Towards the end of the book, the reader begins to wonder what has become of the objects at the heart of Alberti’s analysis, and his conclusion satisfies our curiosity. Many have disappeared as museum collections have become increasingly specialised in line with the development of the discipline of pathology itself, whilst other medical collections have been deemed unsuited to the modern museum where the need to engage with the public is paramount. Earlier in Morbid Curiosities, Alberti expresses his wish to complement rather than add to existing works that address ‘the psychological and ethical issues thrown up by the traffic in bodies’, yet by the end of the book there is no way of avoiding the role of emotion in the value placed on human remains, whatever the date of their preservation. The contents of the medical museum, Alberti concludes, proved to be ‘both its blessing and its curse’, as legislation such as the 2004 Human Tissue Act required museums to obtain licenses to keep body parts, and to prove the provenance of their specimens. Though the Act is just one of many pressures on the medical museum, it is a prime example of how our modern sensibilities might affect the very material available to future historians, and in this sense Alberti’s book has a relevance far beyond any of the specific subject areas covered here.

Notes

  1. J. H. Warner and J. M. Edmondson, Dissection. Photographs of a Rite of Passage in American Medicine: 1880–1930 (New York, NY, 2009).Back to (1)

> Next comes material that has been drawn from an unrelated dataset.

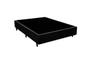 Imagem de Cama Box Casal Sintético Preto com Colchão Espuma D33 Marrocos 30cm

  2. S. B. Burns, Sleeping Beauty: Memorial Photography in America (San Francisco, CA, 1990), and Sleeping Beauty II: Grief, Bereavement and the Family in Memorial Photography, American & European Traditions (New York, NY, 2002). See also A. Linkman, Photography and Death (London, 2011).Back to (2)
  3. R. Sugg, Mummies, Cannibals and Vampires. The History of Corpse Medicine from the Renaissance to the Victorians (London, 2011).Back to (3)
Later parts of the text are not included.